The first of these assumptions is not only discriminatory to those without faith, but also those of different faiths, and with such a multicultural and diverse population that Australia consists of, for a government to not only endorse but to also oblige children be subjected to religious indoctrination is almost an unfathomable concept, an abuse of power and an unwelcome intervention into spheres of personal life that governments should never have a say in. He has used his generalisation to create a false dichotomy on which he bases his argument, and by espousing views laced with assumptions that religiosity is the only path to morality, Tony Abbot not only advertises his ignorance and offends a great many rational-minded people, but also adds fuel to a dangerous undercurrent in society. We have so far been able to defend ourselves against the religious fanaticism that has afflicted the United States, not only threats from outside its borders such as the attacks of 9/11, incited by promises of martyrdom and Holy authority, but also domestic issues, such as violence perpetrated against doctors who administer abortions.
An incident that demonstrates not only how the first assumption dominates firmly in the minds of many in the Western world but will also segue into the second assumption is that of the murder of two employees of a medical clinic in Massachusetts in 1994. Rev. Paul Jennings Hill murdered Dr. John Britton and James Barrett for their part in administering abortions, motivated by his faith. This event is an indictment of the supposed lack of morals evident in the community of non-believers and non-Christians by those who consider the Bible to be the infallible word of God, while revealing the insidious flaw prevalent in the ‘Christianity is inherently good’ argument. In the name of religion much evil is done, which many religious people agree upon (often conceding only the Crusades).

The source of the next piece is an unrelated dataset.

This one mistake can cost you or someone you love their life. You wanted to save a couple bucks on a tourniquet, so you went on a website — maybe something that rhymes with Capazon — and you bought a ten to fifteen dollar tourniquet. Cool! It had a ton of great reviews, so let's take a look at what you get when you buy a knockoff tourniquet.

They sidestep the most important part of the issue. In most cases, and indeed especially in the case of Rev. Paul Jennings Hill, his actions were done not in the name of religion but explicitly due to his religion. In his defense, he quotes the passage Genesis 9:6 ‘whoso sheddeth man’s blood, by man shall his blood be shed: for in the image of God made he man’ (King James version). As the Bible also condemns abortion, it is merely a rational step that the murder of ‘murderers’ is, in fact, Holy mandate. It is on these occasions that the ‘holy’ portend that good is in fact evil, and to combat this they must do evil in the name of good. While there are arguments that these parts of the Bible are not meant for literal ascription and are merely analogous stories, that acts of violence perpetrated by the religiously inspired are abhorrent to moderate Christians.

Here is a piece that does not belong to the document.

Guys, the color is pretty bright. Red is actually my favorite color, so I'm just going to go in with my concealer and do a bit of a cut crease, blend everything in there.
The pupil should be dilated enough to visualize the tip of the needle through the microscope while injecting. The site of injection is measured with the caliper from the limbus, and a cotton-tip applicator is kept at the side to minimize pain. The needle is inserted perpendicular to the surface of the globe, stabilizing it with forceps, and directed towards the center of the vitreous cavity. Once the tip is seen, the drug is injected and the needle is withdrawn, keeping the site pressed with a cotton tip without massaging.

What this argument actually establishes is that the act of choosing which parts of the Bible represent a serious moral code and disregarding others as symbolic stories shows we already posses an ethical foundation that we can use to discern what seems acceptable and what deplorable. Our base value systems are formed independently of Holy Scriptures, and allow us to live in a society where life, liberty and equality are highly valued. It is only after indoctrination that millennia old stories spur humanity into wicked acts based upon supposed absolutes of murder, genocide and martyrdom, justified in ways that very few clear thinking, logical and rationally motivated people would accept.